Il a voulu protester jusqu'au bout. Il est reste exile par adoration pour la patrie. L'amoindrissement de la France lui serrait le coeur. Il avait l'oeil fixe sur ce mensonge qui est l'empire; il s'indignait, il fremissait de honte, il souffrait. Son exil et sa colere ont dure dix-neuf ans. Le voila enfin endormi.

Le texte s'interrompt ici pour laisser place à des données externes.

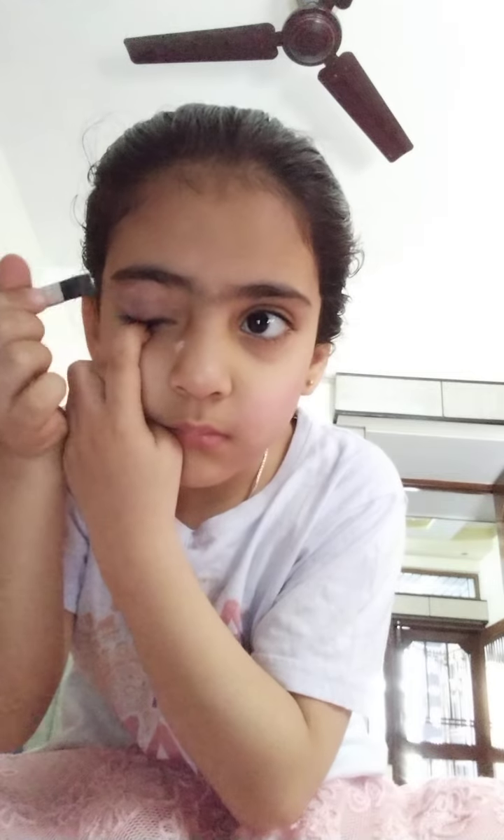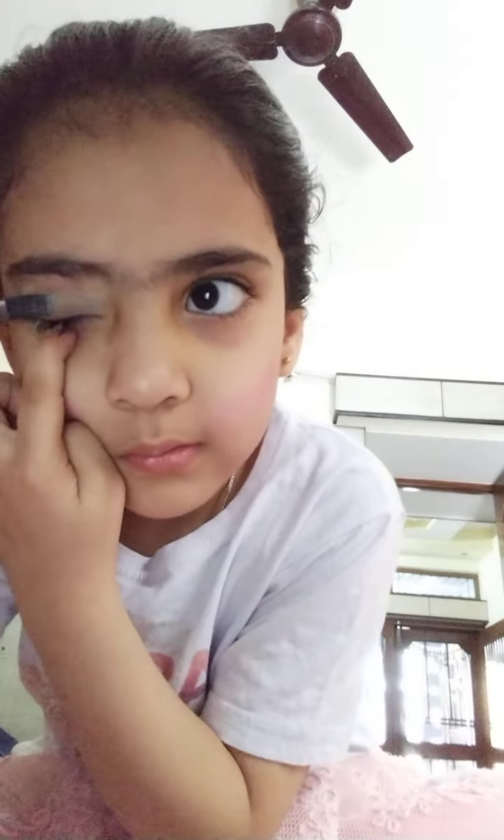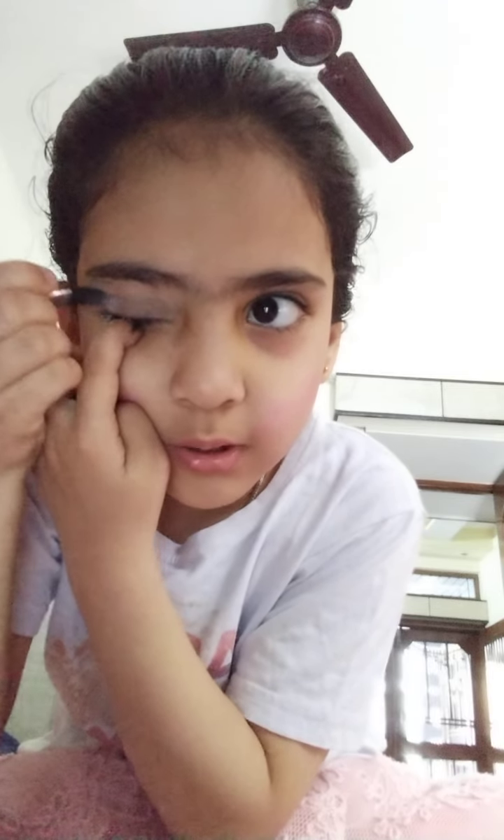First apply some white eyeshadow. After you apply some white eyeshadow, just take green — the darkest green you have — and then do it on top of the white. See? Good.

Endormi. Non. Je retire ce mot. La mort ne dort pas. La mort vit. La mort est une realisation splendide. La mort touche a l'homme de deux facons. Elle le glace, puis elle le ressuscite. Son souffle eteint, oui, mais il rallume. Nous voyons les yeux qu'elle ferme, nous ne voyons pas ceux qu'elle ouvre.

 

Adieu, mon vieux compagnon. – Tu vas donc vivre de la vraie vie! Tu vas aller trouver la justice, la verite, la fraternite, l'harmonie et l'amour dans la serenite immense. Te voila envole dans la clarte. Tu vas connaitre le mystere profond de ces fleurs, de ces herbes que le vent courbe, de ces vagues qu'on entend la-bas, de cette grande nature qui accepte la tombe dans sa nuit et l'ame dans sa lumiere. Tu vas vivre de la vie sacree et inextinguible des etoiles. Tu vas aller ou sont les esprits lumineux qui ont eclaire et qui ont vecu, ou sont les penseurs, les martyrs, les apotres, les prophetes, les precurseurs, les liberateurs. Tu vas voir tous ces grands coeurs flamboyants dans la forme radieuse que leur a donnee la mort. Ecoute, tu diras a Jean-Jacques que la raison humaine est battue de verges; tu diras a Beccaria que la loi en est venue a ce degre de honte qu'elle se cache pour tuer; tu diras a Mirabeau que Quatrevingt-neuf est lie au pilori; tu diras a Danton que le territoire est envahi par une horde pire que l'etranger; tu diras a Saint-Just que le peuple n'a pas le droit de parler; tu diras a Marceau que l'armee n'a pas le droit de penser; tu diras a Robespierre que la Republique est poignardee; tu diras a Camille Desmoulins que la justice est morte; et tu leur diras a tous que tout est bien, et qu'en France une intrepide legion combat plus ardemment que jamais, et que, hors de France, nous, les sacrifies volontaires, nous, la poignee des proscrits survivants, nous tenons toujours, et que nous sommes la, resolus a ne jamais nous rendre, debout sur cette grande breche qu'on appelle l'exil, avec nos convictions et avec leurs fantomes!